Our state has seen significant increases in vehicle traffic crashes, fatalities and bodily injury. The vast majority of these increases have been in rear-end crashes, single-car crashes and crashes by drivers from 15 to 25-years-old. State and local law enforcement have stated that these incidents are a clear indication of driver inattention. The 15 states that have passed hands-free driving laws saw a 16 percent decrease in traffic fatalities in the two years after the law was passed. In addition, traffic fatalities were reduced even further in subsequent years.
Could I still talk on my phone while driving?
Yes, as long as it is done hands-free. Drivers would be able to use their phone’s speakerphone, Bluetooth technology, an earpiece, a headphone or other device to allow them to communicate on a hands-free basis.
Could I touch my cellphone to dial a number or receive or end a call?
Yes. The law would simply prohibit drivers from holding or supporting the phone.
Would I be required to purchase a hands-free accessory, such as a mount or bracket?
No. The proposed law simply states that a driver cannot hold or support a mobile phone. A phone can be left on a vehicle’s console, a front seat, etc. However, for the safety of all Georgians, state and local law enforcement recommend the purchase and use of a hands-free device if using a mobile phone while driving.
My vehicle does not have Bluetooth technology/capability. How could I comply with the law?
Many online retailers offer a Bluetooth adapter for vehicles without Bluetooth or similar technology built into the vehicle. These adapters can be found at local retailers or online by searching “Bluetooth hands-free car kit” in an internet search engine.
What would the fines/penalties be?
· First conviction: $50, one point on a license;
· Second conviction: $100, two points on a license;
Third and subsequent convictions: $150, three points on a license.
Could I listen to online radio apps while driving? (Updated information)****
A driver cannot touch their phone to activate or program a radio app while they are on the road (the road includes being stopped for traffic signals and stop signs). A driver can activate a radio app before getting on the road and listen to the programming. A driver can also listen to programming from their app if it is connected and controlled by the vehicle's stereo (radio), and the driver is not touching their phone while driving. We caution drivers that music streaming apps that also include video do violate the new law which specifically prohibits drivers from watching videos. The rule of thumb here is you can listen to your radio app as long as you do not touch your phone when driving on the road AND it's use does not distract the driver in any manner in the safe operation of their vehicle.
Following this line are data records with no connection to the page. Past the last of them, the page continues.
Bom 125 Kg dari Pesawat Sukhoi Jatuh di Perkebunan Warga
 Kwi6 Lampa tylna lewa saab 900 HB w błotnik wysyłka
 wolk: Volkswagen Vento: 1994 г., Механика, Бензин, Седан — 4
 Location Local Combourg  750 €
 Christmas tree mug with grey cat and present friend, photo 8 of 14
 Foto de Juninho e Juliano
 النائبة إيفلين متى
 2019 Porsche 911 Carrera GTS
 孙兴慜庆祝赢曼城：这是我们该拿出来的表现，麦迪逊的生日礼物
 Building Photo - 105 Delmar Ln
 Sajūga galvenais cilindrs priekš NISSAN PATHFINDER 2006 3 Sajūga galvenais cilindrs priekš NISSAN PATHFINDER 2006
Could I listen to music stored on my mobile phone, thus not requiring an internet connection?
Yes, as long as the driver is not holding or supporting the phone.
Could I talk to someone via video telephony apps, such as FaceTime or Skype, if doing so “hands-free?”
No. The proposed hands-free driving law states that a driver shall not “record or broadcast a video” on any mobile phones, iPads, computers, etc. while operating a vehicle.